Over the years the art community in our province has admired Diamond’s paintings on many exhibitions that took place in Durban.  These include the Art – South Africa – Today shows which were held once every two years at the Durban Art Gallery from the 1960s up until the last one in 1975.     His works were represented on  nearly all the other  important KZN exhibitions, too.    These included the touring Jabulisa - the Art and Craft of Kwa Zulu-Natal shows and the Natal Biennale exhibitions.     Whenever we heard that Diamond was going to hold a solo  exhibition  -  generally on view at the KZNSA  gallery here, in Durban-  there was mounting excitement because we knew that we would be attending an exhibition of the highest artistic calibre. 

Very few people know about another part of Diamond’s creativity which is his dedication to museums.     In this regard I think he would have made a curator par excellence.   Always generous in his assistance to an artistic cause, he  was a prime mover in the establishment of two museums  in KZN:  the Teach Museum -  short for  The Empangeni Arts and Cultural History Museum  -   (now simply known as  the Empangeni Museum)  -  and the Vukani Museum in Eshowe which is renowned worldwide for its collections of Zulu arts and crafts.   I regard Diamond as a true museum person in his professional commitment to establishing high museological standards in both those two museums.   I think back to the meeting way back in the 1980s   that Diamond requested the Durban Art Gallery to host for him so that he could familiarize himself with major aspects of running museums.   What an enjoyable and memorable day we had!   Diamond had spent hours preparing detailed questions for us to answer on a wide range of museum functions and activities:   How do you store museum collections?   What is the best and safest way to display works of art in public spaces?   How do you record museum collections?    How do you care for works of art in a sub-tropical climate?  How do you establish Boards of Trustees to ensure and monitor the effective running of museums?   The questions came thick and fast from early in the morning when he arrived until late that afternoon.   When we broke for lunch, his excitement was tangible; it bubbled over and we realized that he could hardly wait for the establishment of his  two new museums.     And we had no doubt whatsoever that, virtually single handed,  his plans to establish them would  succeed.   Today they stand as monuments to his creative enterprise and foresight.   And still, to this very day, Diamond serves as an advisor on the museum committees of both these institutions.   As a member of numerous art and exhibition committees over the years he brings qualities of dedication, wide knowledge of his subject, reliability and imagination.   He was an asset on all such committees and a pleasure and great fun to work with.

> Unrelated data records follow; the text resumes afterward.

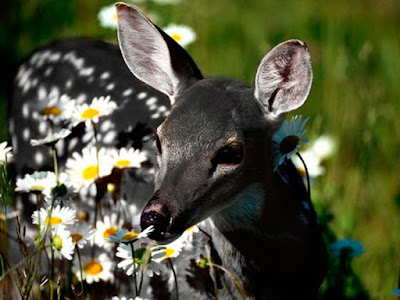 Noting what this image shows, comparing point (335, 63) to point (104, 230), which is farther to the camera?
point (335, 63)

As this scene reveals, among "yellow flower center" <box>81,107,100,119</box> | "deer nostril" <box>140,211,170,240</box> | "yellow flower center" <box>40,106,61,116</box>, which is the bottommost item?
"deer nostril" <box>140,211,170,240</box>

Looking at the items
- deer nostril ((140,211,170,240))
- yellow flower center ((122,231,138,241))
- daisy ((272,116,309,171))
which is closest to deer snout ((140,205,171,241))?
deer nostril ((140,211,170,240))

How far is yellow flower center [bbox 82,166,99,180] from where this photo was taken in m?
3.46

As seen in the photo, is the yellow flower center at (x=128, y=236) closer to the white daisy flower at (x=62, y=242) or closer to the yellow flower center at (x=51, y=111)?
the white daisy flower at (x=62, y=242)

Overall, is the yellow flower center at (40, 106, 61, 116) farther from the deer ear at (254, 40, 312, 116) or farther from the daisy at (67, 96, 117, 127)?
the deer ear at (254, 40, 312, 116)

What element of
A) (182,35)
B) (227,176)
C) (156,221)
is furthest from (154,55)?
(182,35)

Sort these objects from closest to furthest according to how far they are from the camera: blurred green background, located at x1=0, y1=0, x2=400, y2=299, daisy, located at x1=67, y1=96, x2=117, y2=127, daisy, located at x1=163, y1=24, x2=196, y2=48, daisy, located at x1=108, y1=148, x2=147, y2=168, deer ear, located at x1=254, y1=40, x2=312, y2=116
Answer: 1. deer ear, located at x1=254, y1=40, x2=312, y2=116
2. daisy, located at x1=67, y1=96, x2=117, y2=127
3. daisy, located at x1=108, y1=148, x2=147, y2=168
4. daisy, located at x1=163, y1=24, x2=196, y2=48
5. blurred green background, located at x1=0, y1=0, x2=400, y2=299

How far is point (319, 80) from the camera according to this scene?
522cm

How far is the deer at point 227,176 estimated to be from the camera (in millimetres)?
2947

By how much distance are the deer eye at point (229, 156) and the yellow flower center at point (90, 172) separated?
0.58 m

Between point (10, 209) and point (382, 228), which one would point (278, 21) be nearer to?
point (382, 228)

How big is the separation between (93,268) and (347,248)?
865 millimetres

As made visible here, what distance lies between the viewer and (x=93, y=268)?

Diamond is  skilled both  as a sensitive watercolourist who captures exquisite aspects of the Zululand landscape, which are often the sites of past historical events, as well as  a marvelous painter in oils.   Indeed, I bought a number of his beautiful works for the permanent collection of the Durban Art Gallery.   

For me Diamond is the definitive painter of the sugar cane fields of the KwaZulu- Natal North Coast.   He has made this subject completely his own by focusing on the description of this particular aspect of landscape in our province.   Until his sugarcane field paintings burst onto the artistic scene, perhaps   many of us had taken this subject   for granted, never seeing beyond an all too familiar sight.  When I look at cane fields now I always see them through Diamond’s eyes.   As a supreme painter he captures a purely agricultural scene  and then transforms it into a  romantic  saga.  You can almost hear the gentle coastal winds whispering through his fields of cane.   You marvel at how he has changed an ‘ordinary’ subject into a timeless statement.  Though titled Cane Cutting Eshowe  (1990),  this oil painting is un-peopled and focuses not on the cutters, but instead on the cane fields themselves and on the swirling skies above.    For me, Diamond Bozas has immortalized this part of the landscape of our province through his majestic paintings of the sugarcane fields of KwaZulu-Natal.